GitLab deploys four distinct but interrelated approaches to build data solutions that help drive insights and business decisions. These approaches are complementary to one another and are focused on delivering results at a level of speed, quality, and reliability required by the business, problem being solved, and question being asked. The approaches are complementary and evolutionary in nature, enabling development in an earlier stage to be leveraged in a later stage if required. Data solutions developed at an early stage can be improved and enhanced to a later stage if there is sufficient business need to do so.
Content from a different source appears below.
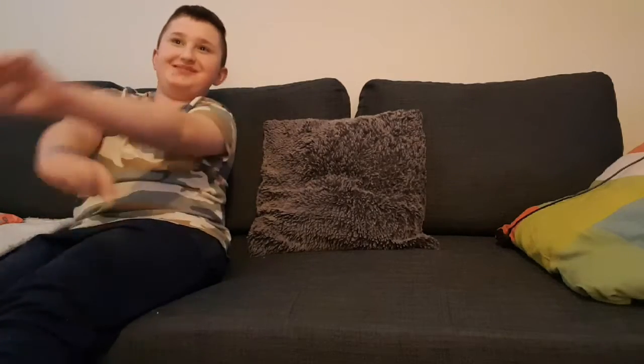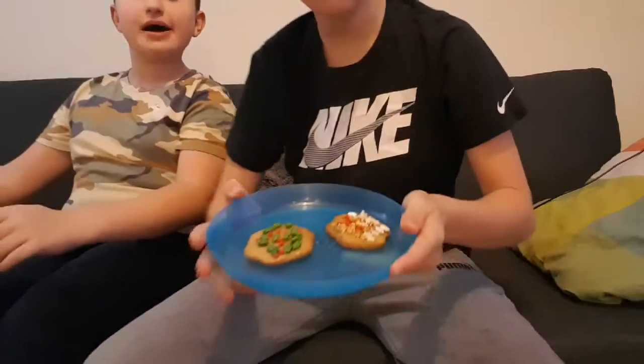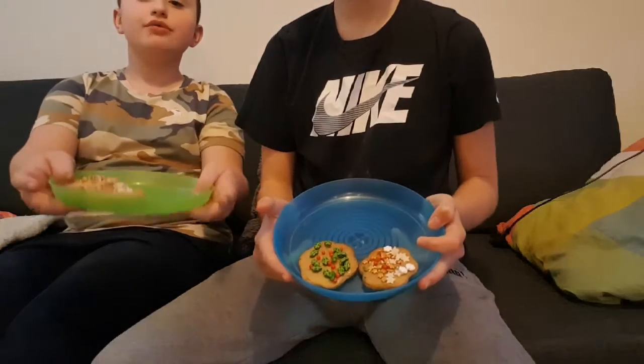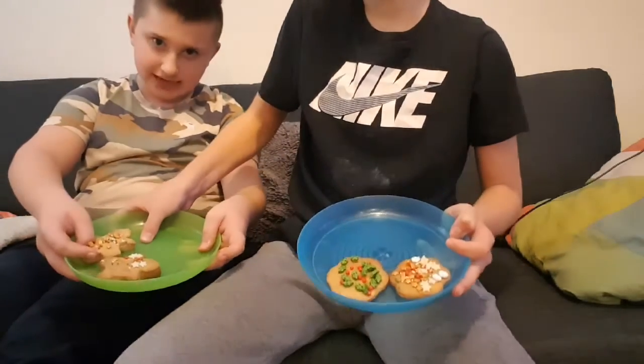It's me again and today I'm here with Liam. So today we are going to be taste testing some Christmas biscuits — homemade ones from Strax. We thought to do a taste test video on these because Christmas is coming soon.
All analysis follows the well-established Data Analysis Process.
These four approachs "Explorational', "Ad-Hoc","Business Insights", and "Trusted Data".
Explorational | Ad-hoc | Business Insights | Trusted Data | |
---|---|---|---|---|
When To Use | Prototyping / Flexible Analysis | Directional / Urgent Analysis | Routine / Operational Analysis | Mission Critical Analysis |
Manual adding data | optional | N/A | N/A | N/A |
Creating own data structures | optional | N/A | N/A | N/A |
Visualization using SiSense | optional | optional | required | required |
Built Using the Enterprise Dimensional Model | optional | optional | optional | required |
Registered in the Data Catalog | N/A | optional | required | required |
Follows Trusted Data Development process | N/A | optional | optional | required |
Tested using the Trusted Data Framework | N/A | optional | optional | required |
Auditable w/linkage to source systems | N/A | optional | optional | required |
'Trusted Data' Branded | N/A | N/A | N/A | required |
'Business Insights' Branded | N/A | N/A | required | N/A |
Explorational gives ultimate flexibility to prototype on data solutions. If a new data set needs to be explored and new transformations need to be built in a fast-paced iterative way, the Explorational Data Development can be used. Because of its nature of flexibility, it is not suitable to make mission critical decisions. It's a first step for maturing the data solution.
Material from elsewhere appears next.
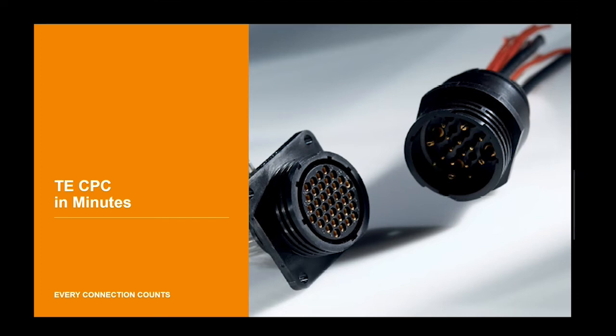Hello, I'm Kevin Pasker, Product Manager for Circular Plastic Connectors, and welcome to our TE Product Spotlight series where we highlight industrial products that provide superior solutions to customer problems. In just a few short minutes, you will learn why our customers choose CPC connectors.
Ad-hoc is the typical a step of any analysis effort and results in the delivery of a report or dashboard for one-time or limited use. Ad-hoc development is performed when no existing data solution answers the questions being asked. Code developed for ad-hoc analysis is not written to be leveraged in a long-term solution, rather it is mean to deliver results quickly. To complete ad-hoc analysis, Analysts typically write and run SQL queries versus the Enterprise Data Warehouse, extract data to analyze using tools like Sisense or Python, or perhaps leverage existing dashboards. At times, new data may need to be sourced from text files, spreadsheets, or other data sources.
Most of the time the ad-hoc report solves for the immediate business need and no further action is required. However, sometimes the results of ad-hoc analysis yield results that require additional analysis. And at times, the results of ad-hoc analysis are important enough to warrant developing into a more reliable solution at which point a decision is made to create a Business Insights solution or Trusted Data solution.
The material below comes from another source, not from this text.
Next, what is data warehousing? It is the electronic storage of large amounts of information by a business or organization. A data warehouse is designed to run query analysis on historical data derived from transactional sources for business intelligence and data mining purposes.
Business Insights constitute the majority of solutions where stable and reliable reports are required, but a structured enterprise dimensional model is not available yet. Business Insights solutions serve as the SSOT for their respective metrics and play an important role in the overall reporting landscape.
Business Insights solutions differ from ad-hoc reports because they include quality validations such as data testing, code review, and registration in the Data Catalog. Business Insights solutions may leverage portions of the EDM, but will not be based entirely on it. However, when compared to a Trusted Data Solution, a Business Insights solution lacks complete test coverage and EDM coverage.
Trusted Data delivers the most complete, reliable, and accurate analytics available to an enterprise. Over time as an organization matures and value of analytics increases, Trusted Data evolves and development rigor also evolves, but the core steps remain consistent and include requirements gathering, design, iterative wireframing, testing, and operational monitoring.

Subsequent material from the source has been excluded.